本年1月に、ネット上に匿名で公開されたレポートには、新しいTetherトークンが発行された後、それがBitfinexの財布に送られると、ビットコインの価格が概ね上がっていたことが示された。

このレポートはさらに、Tether社は、暗号通貨取引以外のビジネスプロセスを通じて、新しいTetherトークンを継続して発行し得る程に米ドルを獲得する資本力を獲得している可能性は非常に低いと判断している。すると、Bitfinex と結託したTether社は、市場動向を見て、発行できるはずもない量のTetherトークンを発行し、それをBitfinexに回してビットコインを購入しビットコインの価格を引き上げてきたのではないかという疑義が生まれる。

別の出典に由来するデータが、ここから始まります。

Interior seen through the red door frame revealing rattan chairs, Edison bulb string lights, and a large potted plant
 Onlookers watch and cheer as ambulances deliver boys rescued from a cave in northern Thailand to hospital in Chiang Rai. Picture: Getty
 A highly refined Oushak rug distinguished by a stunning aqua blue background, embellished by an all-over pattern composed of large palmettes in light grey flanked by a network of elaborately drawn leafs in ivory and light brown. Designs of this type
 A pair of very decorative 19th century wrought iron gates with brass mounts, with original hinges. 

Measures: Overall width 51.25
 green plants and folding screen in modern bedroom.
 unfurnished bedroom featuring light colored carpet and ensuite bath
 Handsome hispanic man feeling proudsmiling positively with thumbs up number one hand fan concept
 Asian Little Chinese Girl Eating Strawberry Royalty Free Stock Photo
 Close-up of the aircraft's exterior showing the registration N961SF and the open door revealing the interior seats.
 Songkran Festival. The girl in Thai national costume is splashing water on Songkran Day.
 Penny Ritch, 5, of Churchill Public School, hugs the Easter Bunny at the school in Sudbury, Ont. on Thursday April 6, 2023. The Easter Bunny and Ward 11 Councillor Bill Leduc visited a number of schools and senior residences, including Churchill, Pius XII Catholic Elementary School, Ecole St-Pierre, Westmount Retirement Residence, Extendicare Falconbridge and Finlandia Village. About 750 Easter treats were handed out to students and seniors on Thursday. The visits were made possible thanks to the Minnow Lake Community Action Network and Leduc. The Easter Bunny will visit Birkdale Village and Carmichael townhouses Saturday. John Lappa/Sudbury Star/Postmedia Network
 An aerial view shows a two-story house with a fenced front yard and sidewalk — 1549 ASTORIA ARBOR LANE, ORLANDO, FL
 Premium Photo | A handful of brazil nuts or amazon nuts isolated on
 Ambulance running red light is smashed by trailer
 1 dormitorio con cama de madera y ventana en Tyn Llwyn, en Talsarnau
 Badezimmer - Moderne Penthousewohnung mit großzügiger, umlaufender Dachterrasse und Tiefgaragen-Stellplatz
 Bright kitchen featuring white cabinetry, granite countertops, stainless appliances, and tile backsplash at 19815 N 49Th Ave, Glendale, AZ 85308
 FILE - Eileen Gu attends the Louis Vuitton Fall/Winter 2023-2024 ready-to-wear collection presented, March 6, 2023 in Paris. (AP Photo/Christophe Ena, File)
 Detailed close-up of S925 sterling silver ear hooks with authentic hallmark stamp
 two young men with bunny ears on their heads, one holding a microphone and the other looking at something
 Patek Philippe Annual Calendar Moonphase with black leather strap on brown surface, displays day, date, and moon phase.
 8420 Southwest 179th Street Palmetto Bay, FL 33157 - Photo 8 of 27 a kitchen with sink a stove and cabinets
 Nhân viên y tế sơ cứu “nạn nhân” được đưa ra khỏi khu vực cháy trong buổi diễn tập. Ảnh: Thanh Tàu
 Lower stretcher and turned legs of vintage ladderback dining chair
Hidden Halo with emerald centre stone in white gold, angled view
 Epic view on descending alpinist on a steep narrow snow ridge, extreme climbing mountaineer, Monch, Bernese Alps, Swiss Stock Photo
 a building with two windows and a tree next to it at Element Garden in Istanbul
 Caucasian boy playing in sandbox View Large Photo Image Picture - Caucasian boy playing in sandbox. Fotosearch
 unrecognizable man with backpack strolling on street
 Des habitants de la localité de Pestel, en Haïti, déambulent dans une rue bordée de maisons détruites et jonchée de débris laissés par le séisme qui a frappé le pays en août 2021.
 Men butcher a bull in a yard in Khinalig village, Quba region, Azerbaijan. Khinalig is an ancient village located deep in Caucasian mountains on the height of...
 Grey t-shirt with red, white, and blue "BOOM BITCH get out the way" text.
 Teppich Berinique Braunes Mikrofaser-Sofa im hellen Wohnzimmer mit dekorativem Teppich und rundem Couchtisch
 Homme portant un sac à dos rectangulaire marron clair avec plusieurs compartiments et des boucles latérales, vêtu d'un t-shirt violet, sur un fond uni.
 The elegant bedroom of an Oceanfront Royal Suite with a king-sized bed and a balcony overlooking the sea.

テキサス大学のJohn GriffinとAmin Shamsは、TetherトークンとBitcoinブロックチェーンの両方のデータを分析し、Tetherトークンが実需に応じて発行されてきたのか、それとも、実需とは関係なく市場に投入されたのかを明らかにする分析結果を発表した。 彼らの結果は、ビットコインの価格がある水準に到達する度にTetherトークンが発行されており、結果として、ビットコイン価格をサポート乃至安定化させてきたことを示唆している。

以上のような観測に基づき、現在、 Bitfinexは、ビットコインを購入するためにTetherトークンを不正に取得してビットコインの価格を引き上げてきたという疑惑が持たれている。

<Tetherトークン(USDT)はどのように機能しているのか>

・Tetherトークン(USDT)の取引所(Exchange)間における流通

Bitfinexのユーザーは、Tether社からトークン(USDT)を直接購入する代わりに、米ドルを使用して取引所であるBitfinexからUSDTを購入することができる。 しかし、USDTは、Bitfinex自体で取引するために使用することはできないことになっている。つまり、

Bitfinexは、ユーザーにUSDTの引き出し専用オプションのみを提供している。まず、 Bitfinexは、自身の米ドルの残高を用いてUSDTを購入する。 BitfinexのユーザーがUSDTの引き出しオプションを使用すると、BitfinexウォレットのUSDTの残高が減少する。

言い換えると、Bitfinexの顧客がUSDTを購入しようとすれば、Bitfinexの顧客はTether社から直接購入するのでなく、Tether社の「顧客」であるBitfinexからを購入することになる。新しいUSDTの発行は、Bitfinexの財布が空になり、ユーザーに販売できるUSDTが無くなるときに発生する。 その際、テザーの銀行口座にはBitfinexが拠出した米ドル資金が預けられており、それに基づいてUSDTが発行される。 すなわち、USDTは、実質、Bitfinexが作り出しているものなのである。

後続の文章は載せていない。